太陽工業は2025年11月12日、サウジアラビア東部のアル・コバール市で建設が進む「Aramco Stadium(アラムコ・スタジアム)」の膜構造工事をドバイ現地法人Taiyo Middle Eastを通じて受注したと発表した。2026年1月に着工し、同年6〜7月の施設開業を見込む。
軽量で経済的な設計を可能にする「PTFE膜」採用
サウジアラビアの国営石油企業Saudi Aramco(サウジアラムコ)が施主となっているアラムコスタジアムは、海岸の渦潮をモチーフとした有機的な外観を特徴とする多目的施設。太陽工業は、スタジアムを包む花びら状のアルミ屋根間の膜パネルやアルミ屋根の内装膜、上部屋根の膜部分の設計や製造、施工を請け負う。
膜面積は4万5000平方メートルで、膜材には「PTFE膜」を採用。ガラス繊維織物にフッ素樹脂をコーティングした複合材で、軽量のため、構造荷重が大幅に軽減し、支持する鉄骨構造もより経済的な設計が可能になる。素材自体は自然光を拡散させながら採り入れるので、日中の照明使用も低減する。
また、熱の蓄積を抑え、観客の快適性を高めるとともにエネルギー効率向上にも寄与。引張構造や曲面形状を容易に形成できる特性を持ち、構造性能を損なわず複雑な建築形態が実現する。
膜の製造は京都の太陽工業瑞穂工場と、中国上海の上海太陽工業膜結構で行い、工事着手は2026年1月から開始し、同年6〜7月の完成を目指す。
スタジアム完成後の収容人数は約4万7000人となる見通しで、2027年開催の2027年AFCアジア杯や2034年FIFAワールドカップの会場となる他、地元プロクラブ「Al Qadsiah(アル・カーディシーヤ)FC」の本拠地となる。

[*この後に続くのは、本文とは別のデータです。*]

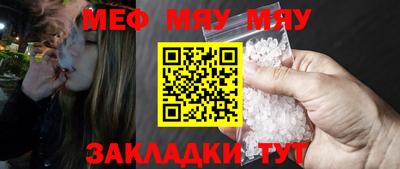 спайс Кимры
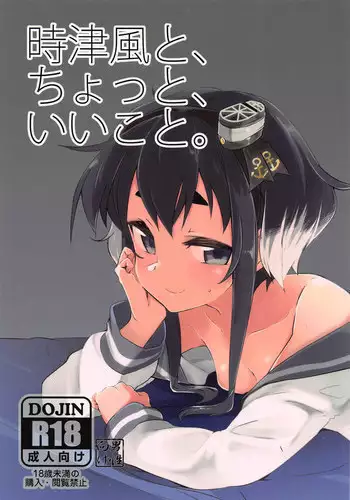 (C90) [Katamimi Headphone (Ariyoshi Gen)] Tokitsukaze to, Chotto, Ii Koto. (Kantai Collection -KanColle-)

アラムコスタジアムのプロジェクト参画企業は、設計監修がPOPULOUS、実施設計がDar Al Handasah - Shair & Partners、構造設計がMaffeis Engineering。元請けはSix Construct Saudi & Al Bawani(SBJV)、ファサード下請けはTechnical Glass & Aluminium(TGAC)。
太陽工業はこれまで、カタールのハリーファ国際スタジアムや米メルセデスベンツスタジアムなど、世界各地で膜構造スタジアムを手がけてきた。今回の受注を足掛かりに、中東地域での事業基盤強化を図る考えだ。